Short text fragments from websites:
*** Begin section ***

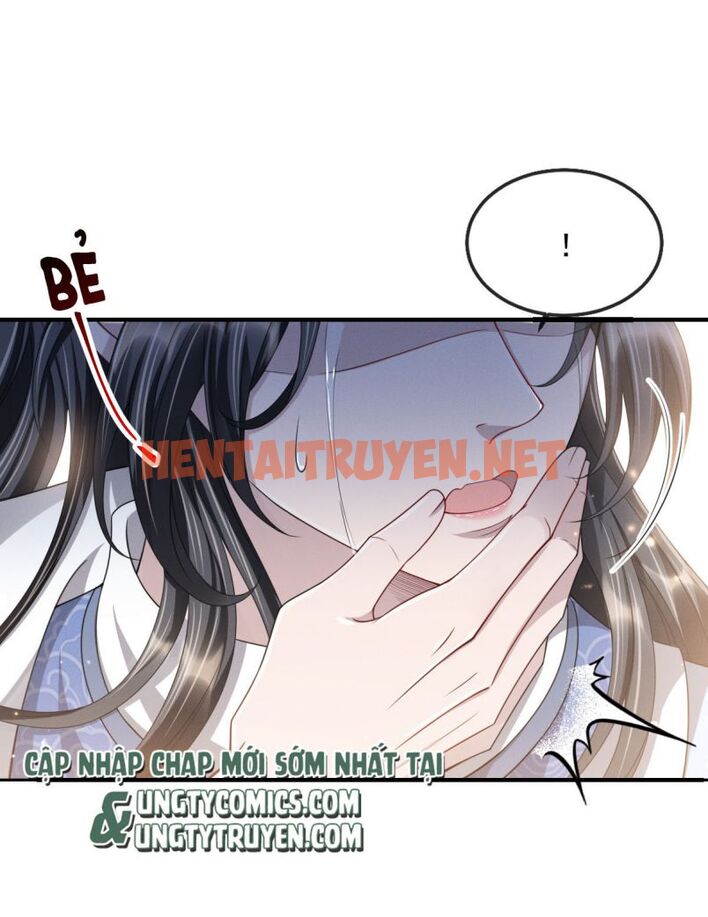 Xem ảnh Ảnh Vệ Khó Làm - Chap 20 - img_006_1655975006 - TruyenVN.APP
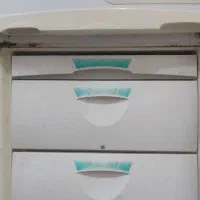 یخچال فریزر پارس|یخچال و فریزر|راین, |دیوار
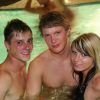 Bild: Partybilder der Party: SWR3 DanceNight zusammen mit Schwarzwlder Bote und SWR3 DJ Josh Kochhann bei der groen Beachparty am 05.08.2006 in DE | Baden-Wrttemberg | Zollernalbkreis | Albstadt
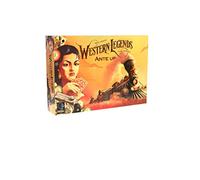 Western Legends: Ante Up Expansion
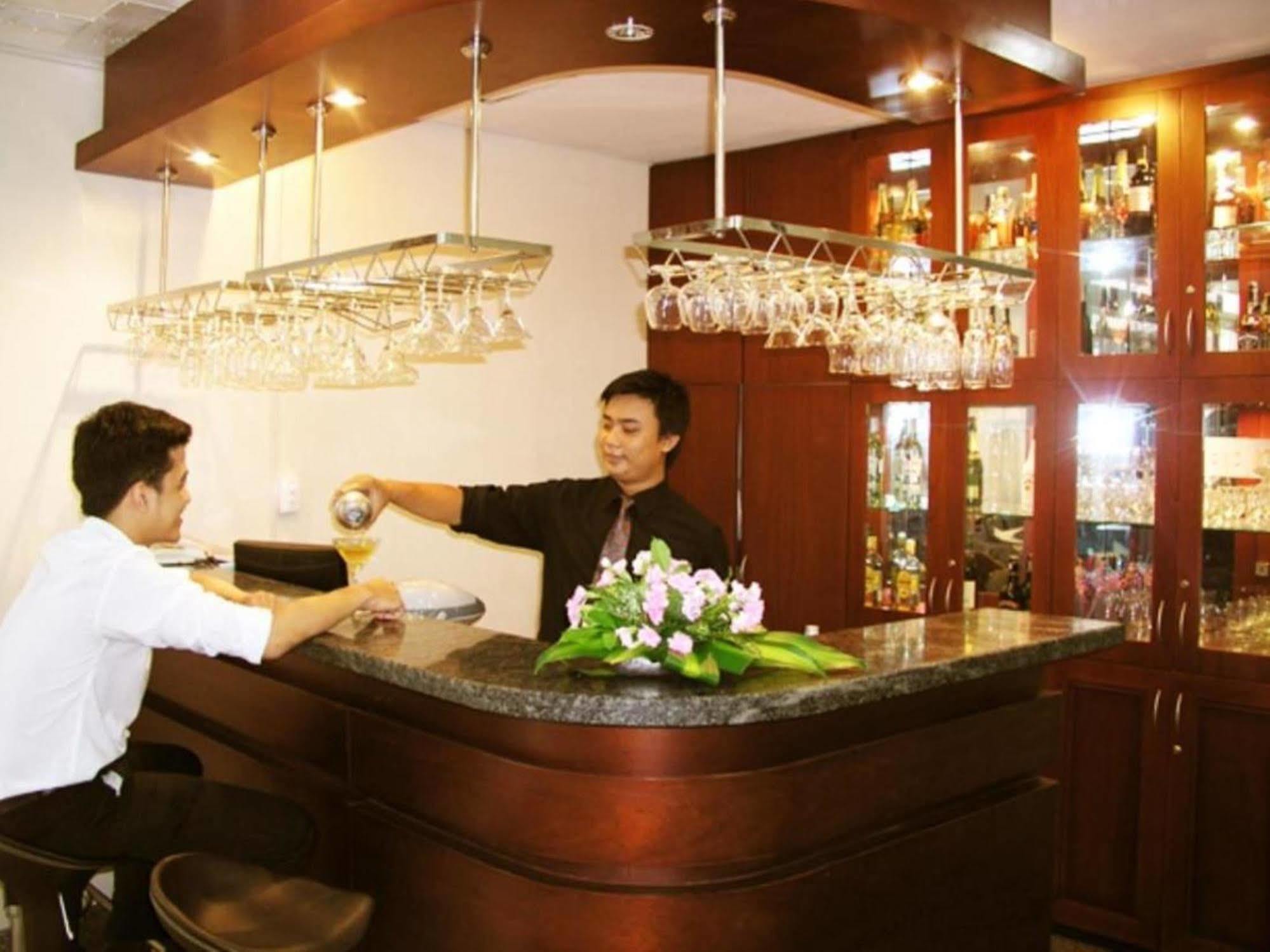 Guest House 165 Πόλη Χο Τσι Μινχ Εξωτερικό φωτογραφία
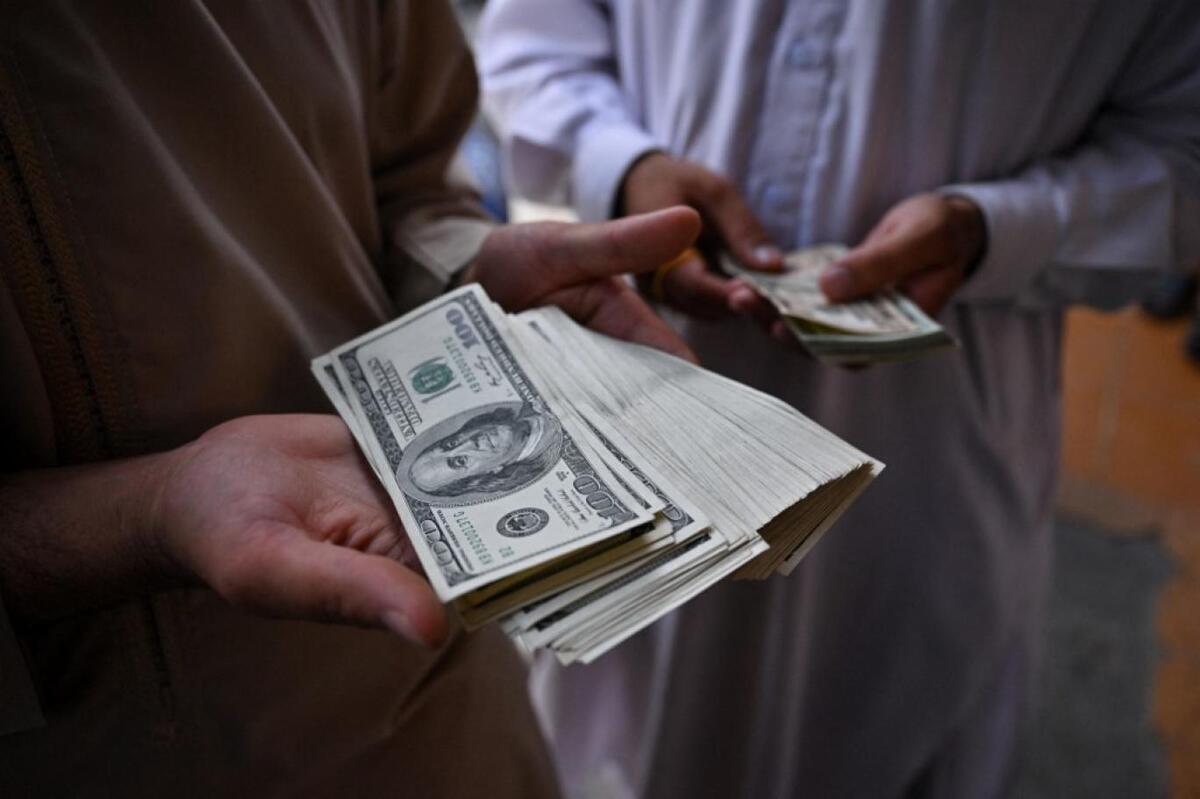 تاکید طالبان بر نقش بخش خصوصی در توسعه اقتصادی افغانستان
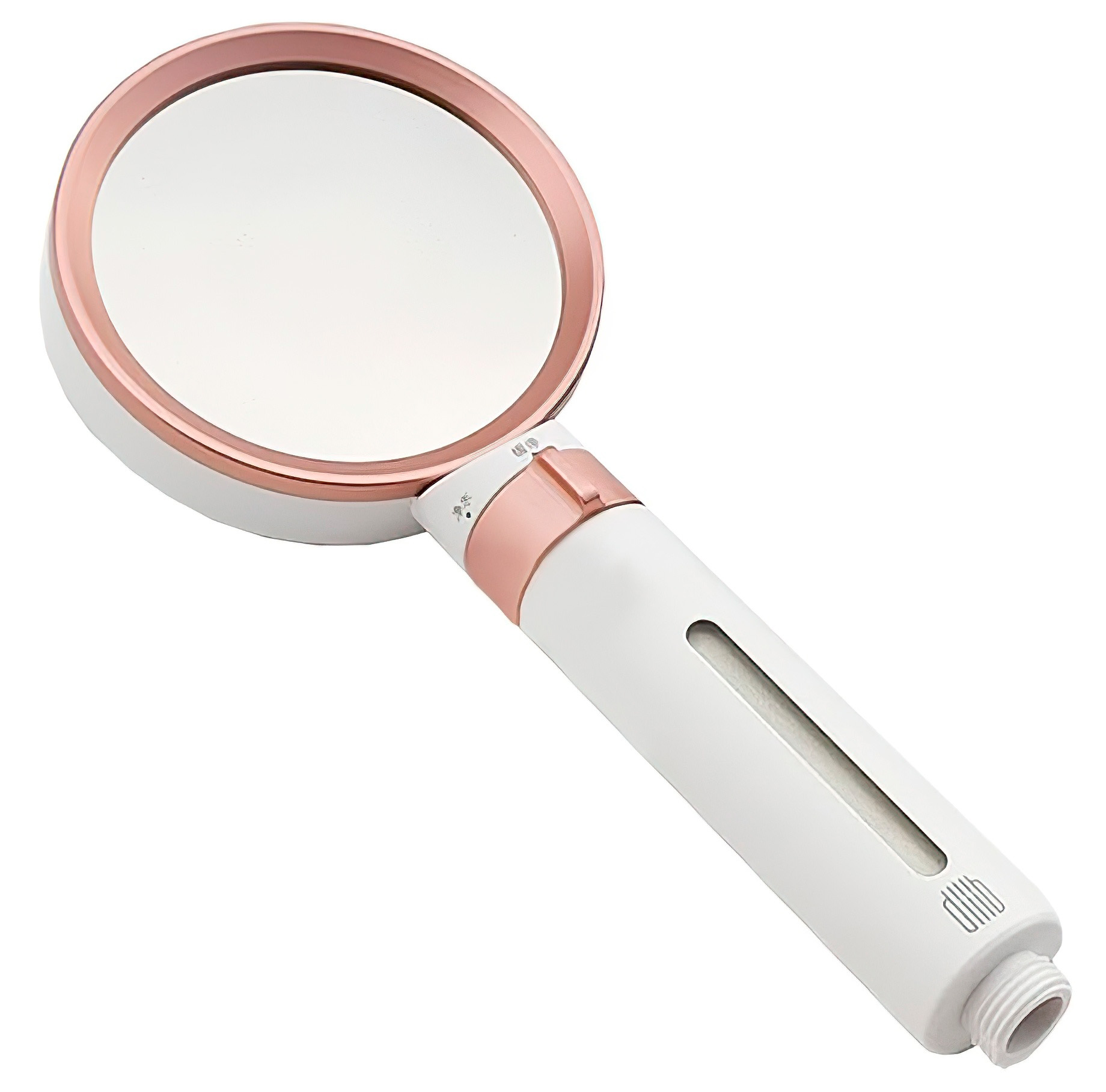 Купить Xiaomi Dabai Dechloritnation Booster Shower Gift Box (DXHS004-5) Rose/Gold/White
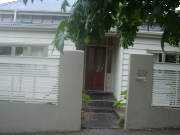 Thumbnail image of Freemans Bay Auckland City House - 1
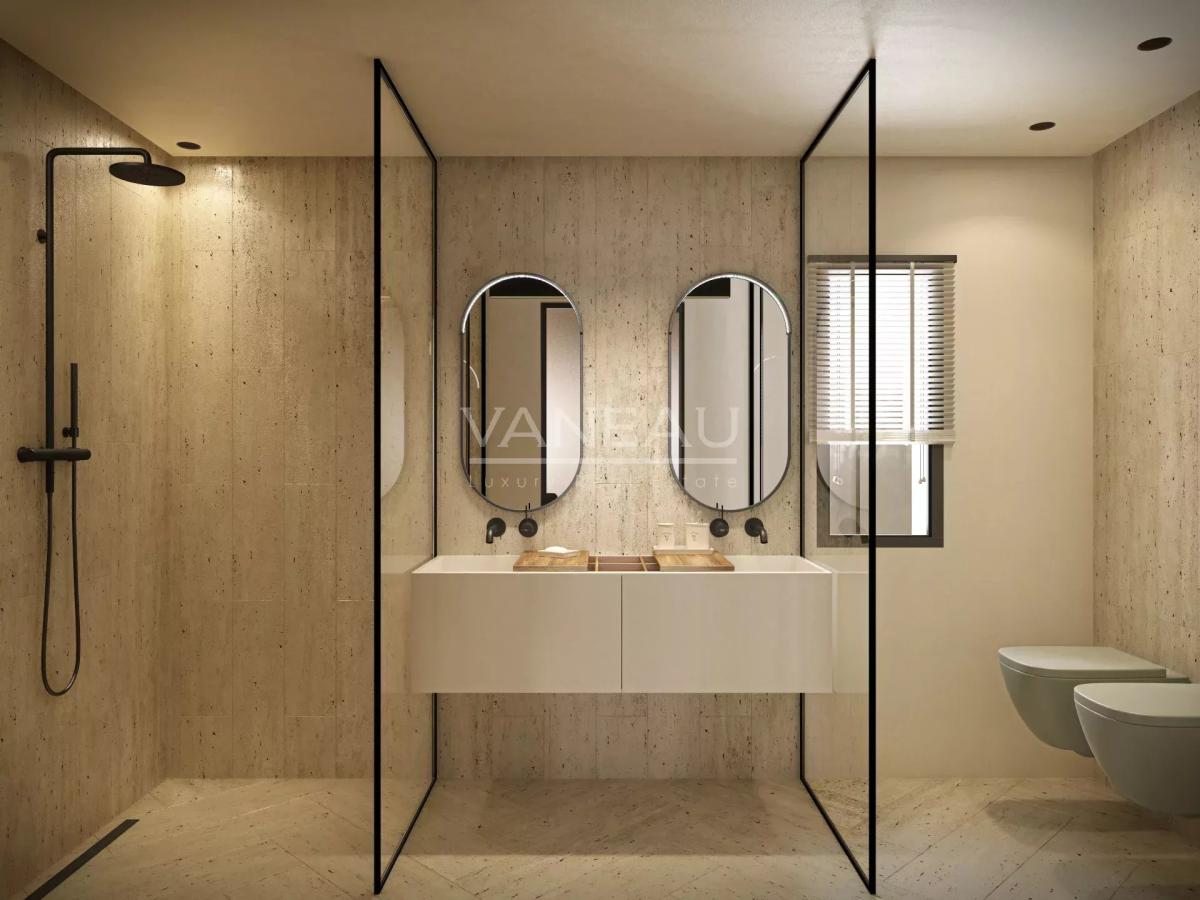 6 villas de luxe écoresponsable sur la route de l'Ourika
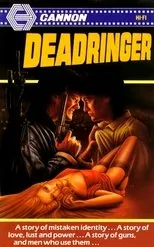 Póster de Deadringer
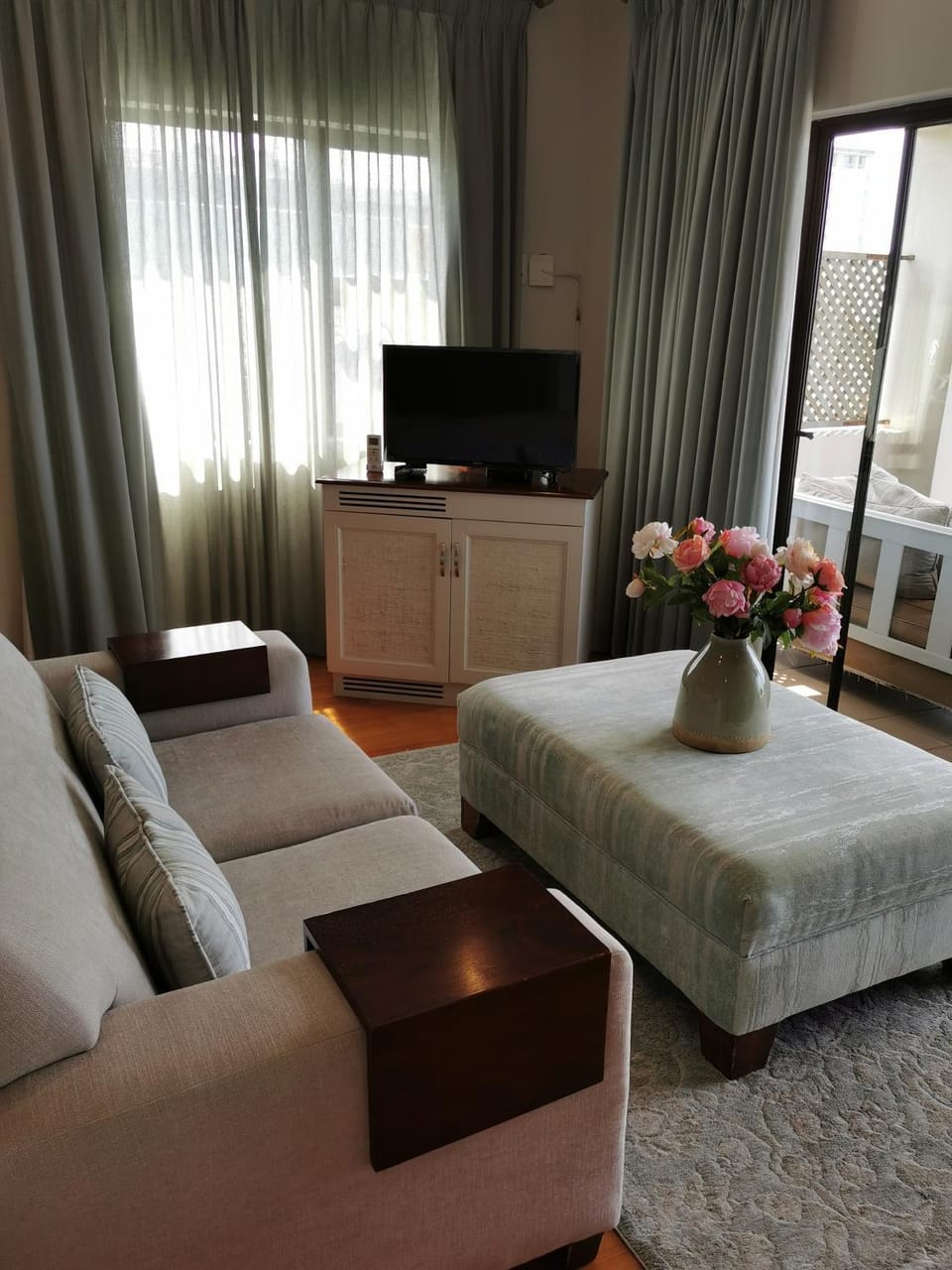 The Hamptons Guest House Bed and Breakfast in Umhlanga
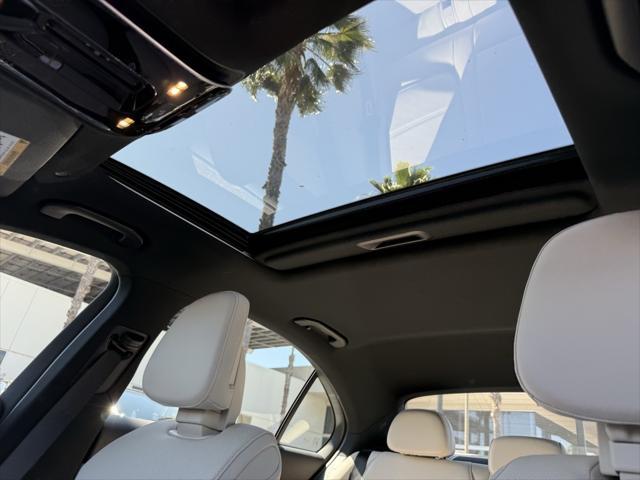new 2025 Mercedes-Benz C-Class car, priced at $53,285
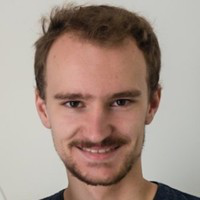 Matthijs Van keirsbilck avatar image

*** End section ***

From the line with "Thumbnail image of" down to the end of the entries, retype each line exactly as written, but drop the pictures.

 Thumbnail image of Freemans Bay Auckland City House - 1
 6 villas de luxe écoresponsable sur la route de l'Ourika
 Póster de Deadringer
 The Hamptons Guest House Bed and Breakfast in Umhlanga
new 2025 Mercedes-Benz C-Class car, priced at $53,285
 Matthijs Van keirsbilck avatar image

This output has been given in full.